Re: Malware remover working with NVDA


Antony Stone
 

Please create a new thread for new questions - don't reply to an existing
topic and change the subject.

This matters greatly to people who uses threaded readers, because the new
question appears in the context of the old thread, when it had nothing to do
with that thread, and it does not show up as a new top-level start of a thread
as it should.

Thanks,


Antony.

On Sunday 07 January 2018 at 22:01:15, Pascal Lambert wrote:

Hi All,
Looking for a malware remover program that works well with NVDA that is
free or at a reasonable price. Any suggestion is greatly appreciated.
Blessings
Pascal

-----Original Message-----
From: nvda@nvda.groups.io [mailto:nvda@nvda.groups.io] On Behalf Of ???
Sent: Sunday, January 7, 2018 8:35 AM
To: nvda@nvda.groups.io
Subject: Re: [nvda] two suggestions about nvda on web


I agree your view.
If newer nvda or nvda-addon had a feature about make a tag by own on
graphic, for example, we will add a describe on graphic that is alt = ""
or no alt, the graphic should be show let us tag.

thank you for much
Logo Kuo from Taiwan

Rick 於 2018/1/7 下午 09:11 寫道:
There is a difference between the alt attribute not being present and
alt="" (null alt text) on a graphic. When the alt attribute is not
present, screen readers often default to speaking the filename of an
image. However, when alt="" is present, the image is ignored by screen
readers. This is by design. Alt="" is supposed to be used for images
that convey no content, but are decorative in nature. However, you bring
up a good point. It is impossible for screen reader users to navigate to
these graphics. Hence, if a screen reader user wanted to copy an image
with alt="" there would be no way to accomplish this. Perhaps NVDA could
provide an option to not ignore images with null alt text. Of course,
NVDA could only speak the filename of the graphic. If this option
existed, I would want to know if the image encountered would be one with
null alt text. I would assume the state of this option would be disabled
and that a user could enable it when desired.

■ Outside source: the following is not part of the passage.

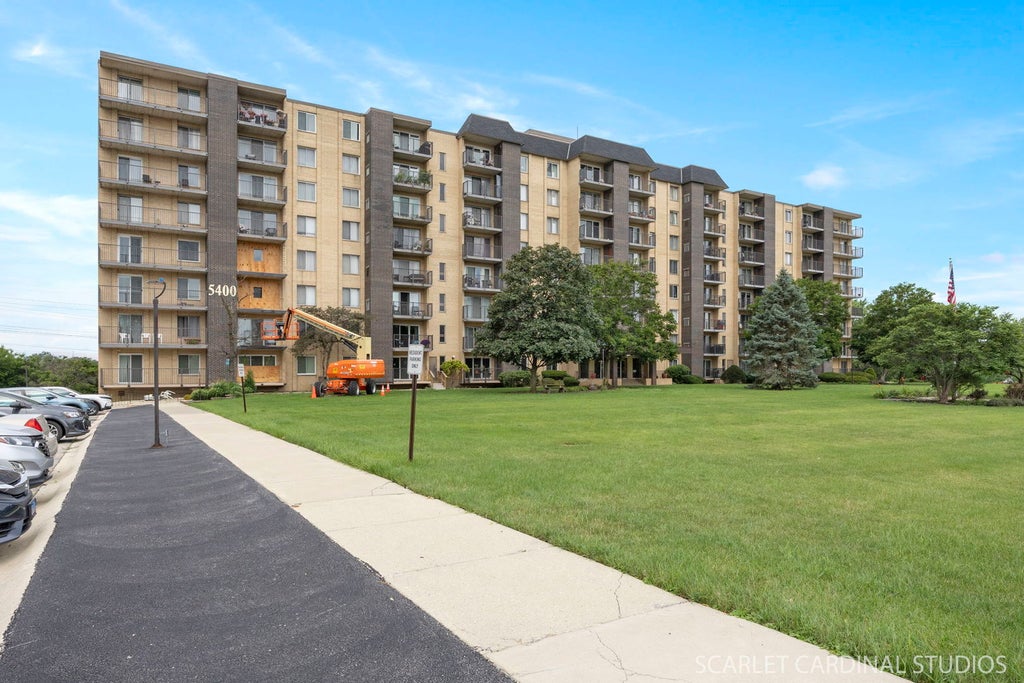 5400 Walnut Avenue 805, Downers Grove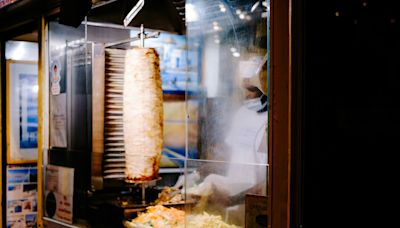 Il est encore malade 16 mois après avoir mangé un kebab avarié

Regarding collapsed vs expanded. Visually, when a section can be expanded
(hence, it is collapsed) a plus sign is displayed. Visually, a user
could click on the plus sign to expand the section or menu. Also, when a
section is expanded, a minus sign is displayed allowing a user to click
on the minus sign to collapse the tree. This is why your braille display
displays the way it does. The plus and minus characters do not indicate
the state of the tree or menu, but the action that can be taken.

Rick
--
"If I've told you once, I've told you a million times - stop exaggerating!"